■ SUPPLIED INFORMATION:
□ □ □ □ □

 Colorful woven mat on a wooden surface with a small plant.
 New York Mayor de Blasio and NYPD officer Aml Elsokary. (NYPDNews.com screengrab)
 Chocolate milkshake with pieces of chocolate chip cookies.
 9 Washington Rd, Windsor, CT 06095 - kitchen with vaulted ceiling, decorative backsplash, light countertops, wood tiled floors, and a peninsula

□ □ □ □ □

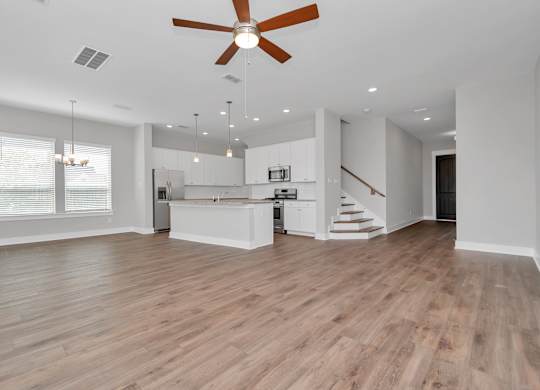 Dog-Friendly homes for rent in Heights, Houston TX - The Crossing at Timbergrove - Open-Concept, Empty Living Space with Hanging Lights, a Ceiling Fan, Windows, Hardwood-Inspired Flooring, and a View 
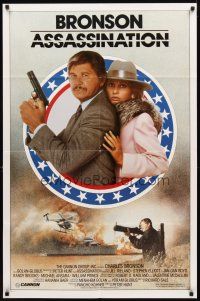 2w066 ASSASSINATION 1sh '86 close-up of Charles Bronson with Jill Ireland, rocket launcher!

□ □ □ □ □

■ ACTIVITY:
Using the entries shown above, reproduce verbatim the lines from the line bearing "Colorful woven mat" to the line bearing "9 Washington Rd, Windsor, CT", inclusive.

■ SOLUTION TO THIS TASK:
 Colorful woven mat on a wooden surface with a small plant.
 New York Mayor de Blasio and NYPD officer Aml Elsokary. (NYPDNews.com screengrab)
 Chocolate milkshake with pieces of chocolate chip cookies.
 9 Washington Rd, Windsor, CT 06095 - kitchen with vaulted ceiling, decorative backsplash, light countertops, wood tiled floors, and a peninsula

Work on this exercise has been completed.